Other than VoI based performance markers we can also use time as a metric to determine certain aspects of performance. Time taken by an AUV for a complete traversal of the set of sensor nodes can be employed for this purpose. The earlier an AUV completes the tour of a UWSN, the more readily it is available for a new tour of this or another neighboring UWSN. Time can be useful in understanding energy $E_{AUV}$ consumed by the AUV to complete its tour. Energy consumed is proportional to the distance it travels $D_{tour}$ which is proportional to the time taken by the AUV to complete the tour $T_{tour}$. Shorter tours also result in less wear and tear of the AUVs.

$$\begin{array}{c}\hfill \Delta \tau ={\tau }_{finish}-{\tau }_{start}=T_{tour}\propto D_{tour}\propto E_{AUV}\end{array}$$

(25)

A measure of the efficiency $\mathsf{\Omega }$ of a planner can be determined by combining ${\mathsf{{\rm Y}}}_L$ and $T_{tour}$. $\mathsf{\Omega }$ is inversely proportional to both ${\mathsf{{\rm Y}}}_L$ and $T_{tour}$, therefore,

$$\begin{array}{c}\hfill \mathsf{\Omega }\propto {\displaystyle \frac{1}{{\mathsf{{\rm Y}}}_L}}·{\displaystyle \frac{1}{T_{tour}}}\Rightarrow \mathsf{\Omega }={\displaystyle \frac{p}{q{\mathsf{{\rm Y}}}_L·r{T}_{tour}}}={\displaystyle \frac{k}{{\mathsf{{\rm Y}}}_L·T_{tour}}}\end{array}$$

(26)

where, $k=\frac{p}{q·r}$ is a constant and is set to 1 in this experimental study.
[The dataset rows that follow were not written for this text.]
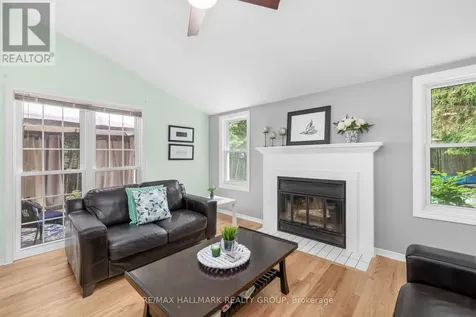 652 Thicket Way Ottawa ON K4A 3A7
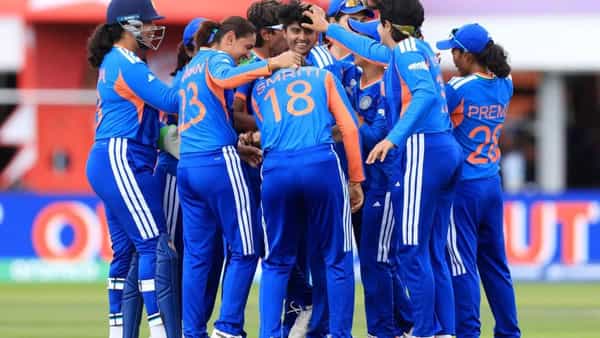 महिला क्रिकेटपटूंना गर्भधारणेनंतर मैदानात परतण्यासाठी काही मार्गदर्शक सूचना आयसीसीने जारी करण्यात आल्या आहेत. त्यात महिल क्रिकेटपटूंच्या आरोग्याशी निगडीत उपक्रमांचा समावेश आहे. आयसीसीने या मार्गदर्शक तत्त्वांचा 100 टक्के अवलंब करण्यासाठी मोहीम हाती घेतली आहे. या संदर्भात खेळाडू आणि कर्मचाऱ्यांमध्ये जागरूकता निर्माण करण्याचं उद्दिष्ट आहे. (Photo: PTI)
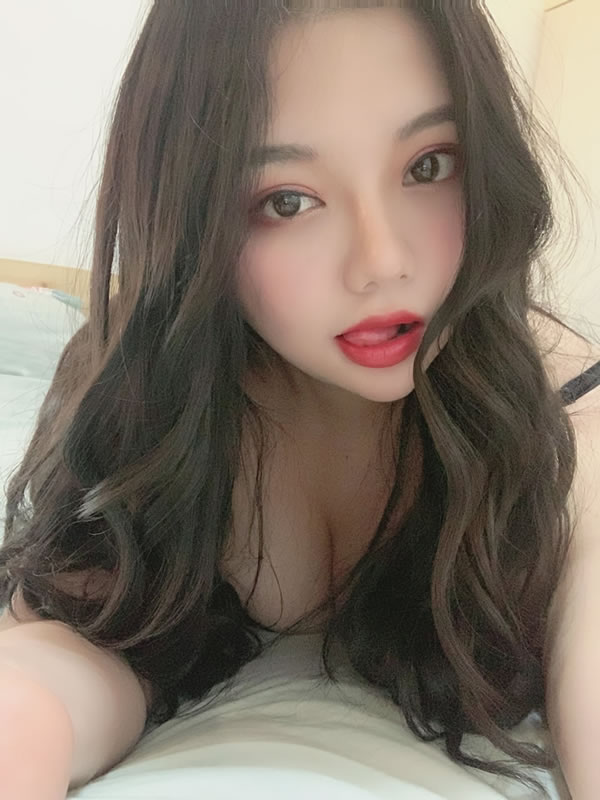 爆乳福利姬@巨巨
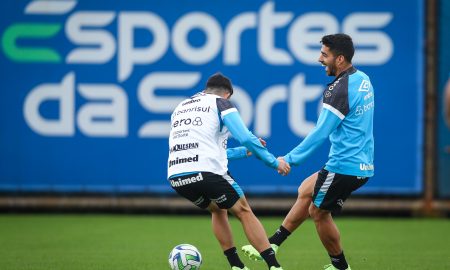 Suárez treina e deve ser titular (Foto: Divulgação/Grêmio)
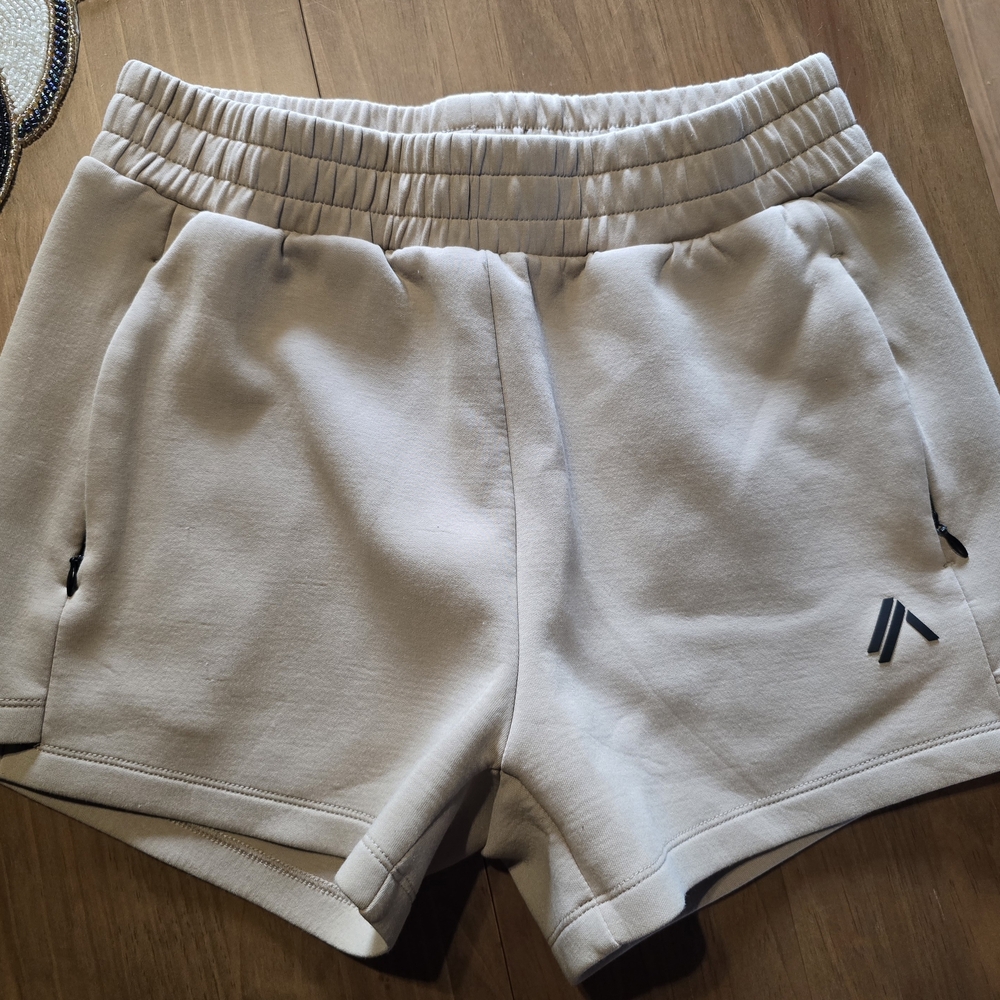 Alphalete Women's Athletic Shorts in Cream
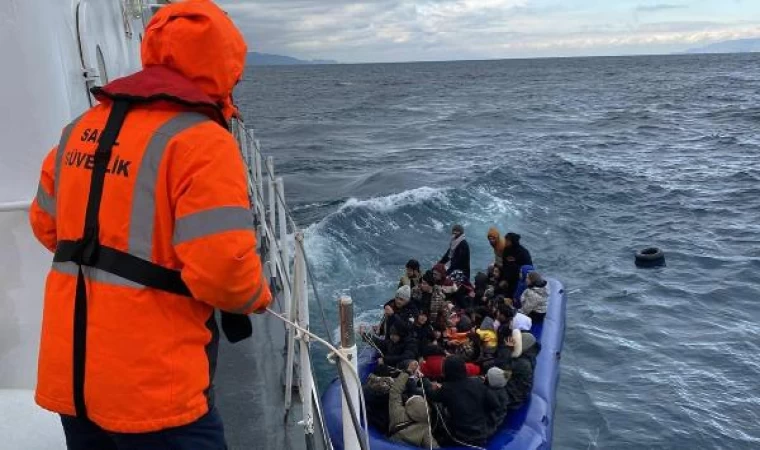 Çanakkale’de Yunanistan’ın geri ittiği 56 göçmen kurtarıldı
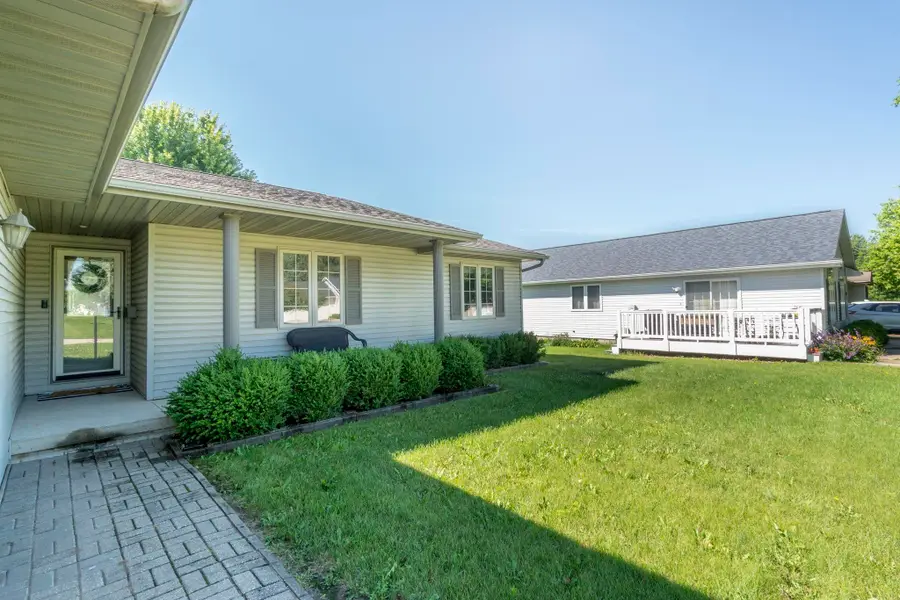 434 Amber Lane, Elk Run Heights, IA 50707 - #3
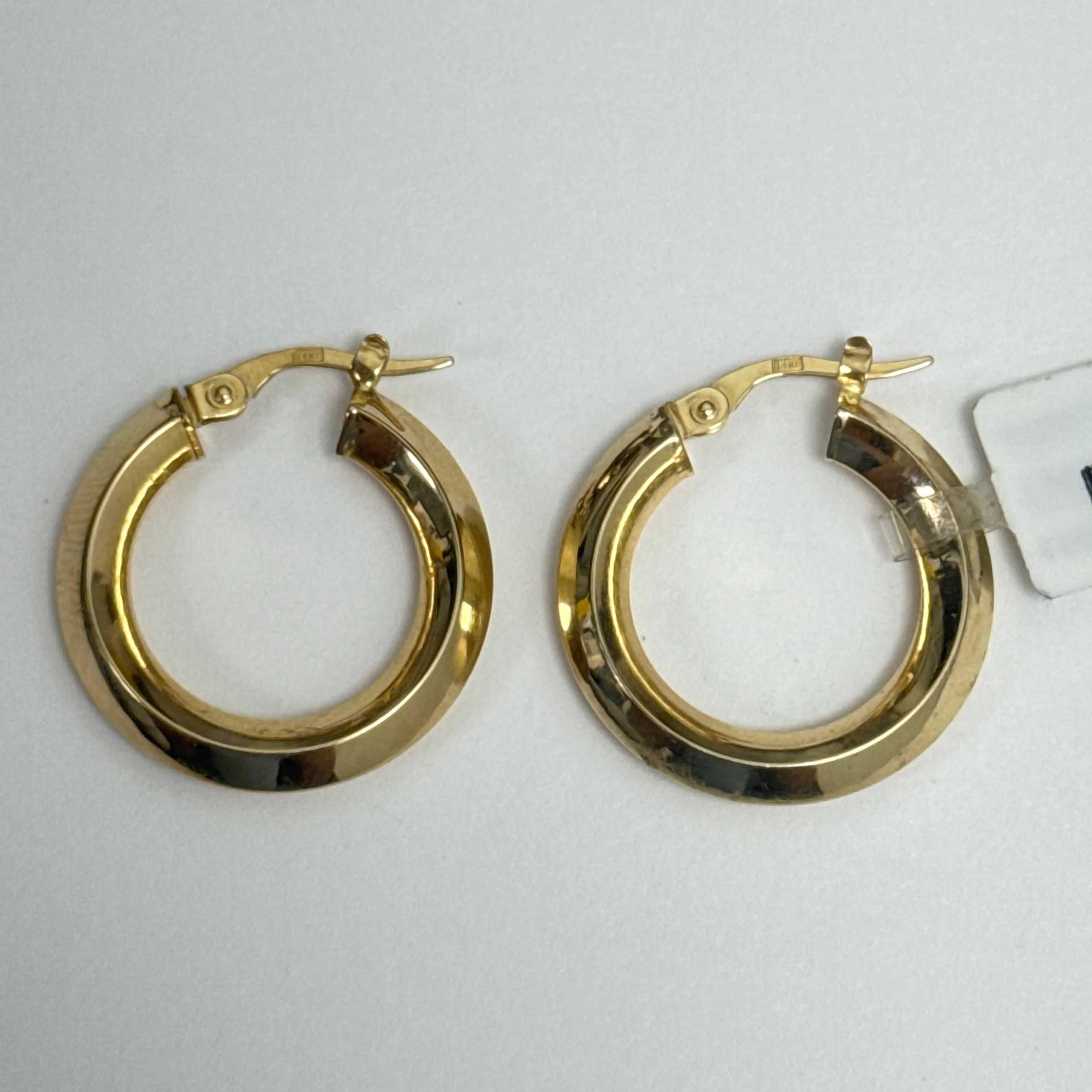 14k Classic Yellow Gold Hoop Earrings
Other than the measures of ${\mathsf{{\rm Y}}}_{Acc}$, ${\mathsf{{\rm Y}}}_L$, $T_{tour}$ & $\mathsf{\Omega }$, we also need to have some specific measures for ’response to emergency situations’. These would be VoI accumulated from first hot-spot ${\upsilon }_{H{S}_{Acc}}$, VoI lost from first hot-spot ${\upsilon }_{H{S}_L}$, time taken to arrive at first hot-spot ${\tau }_{HS}$ and a measure of urgency $\mathsf{\Psi }$. We define $\mathsf{\Psi }$ as the ratio of the score of the path planner schedule for visiting hot-spots $S_I$ to the score of an expected perfect schedule to visit hot-spots $S_P$. Let there be n sensor nodes and m hot-spots. Then, the score $S_I$ & $S_P$ are determined as

$$\begin{array}{c}\hfill S_I=\sum _{i=0}^{m-1}n-seq{\#}_{s_i},S_P=\sum _{i=1}^{m-1}n-i\end{array}$$

(27)

where $seq{\#}_{s_i}$ is the number at which a node is visited in the schedule of visitation given by a path planner. $\mathsf{\Psi }$ is, therefore, determined as

$$\begin{array}{c}\hfill \mathsf{\Psi }={\displaystyle \frac{S_I}{S_P}}={\displaystyle \frac{{\sum }_{i=0}^{m-1}n-seq{\#}_{s_i}}{{\sum }_{i=1}^{m-1}n-i}}\end{array}$$

(28)

The intuition behind urgency score $\mathsf{\Psi }$ can be understood by the following example. Assume that there is a sensor network with 8 sensor nodes $\{s_1,s_2,s_3,s_4,s_5,s_6,s_7,s_8\}$ and 3 hot-spots $\{s_3,s_6,s_7\}$. Here $n=8$ & $m=3$. The hot-spots in sequence of their precedence are $[s_6,s_3,s_7]$, i.e., it is most urgent to visit $s_6$ on priority, then $s_3$ and then $s_7$. The perfect visitation sequence should be $[s_6,s_3,s_7,\dots ]$. Let there be a path-planner $PP$ such that it gives us the following schedule of visitation $[s_1,s_3,s_2,s_6,s_5,s_7,s_8,s_4]$. In this visitation sequence $s_6$ has a $seq{\#}_{s_6}=3$, $s_3$ has $seq{\#}_{s_3}=1$ while $s_7$ has $seq{\#}_{s_7}=5$. In a perfect visitation sequence $s_6$ should have $seq{\#}_{s_6}=0$, $s_3$ should have $seq{\#}_{s_3}=1$ while $s_7$ should have $seq{\#}_{s_7}=2$. We can now calculate $S_I$ and $S_P$ as $S_I=(8-3)+(8-1)+(8-5)=15$ and $S_P=(8-0)+(8-1)+(8-2)=21$. The smaller a $seq{\#}_{s_i}$ is, the higher the difference $n-seq{\#}_{s_i}$ will be and hence the greater the score. The urgency score for $PP$ is $\mathsf{\Psi }=S_I/S_P=15/21=0.714$.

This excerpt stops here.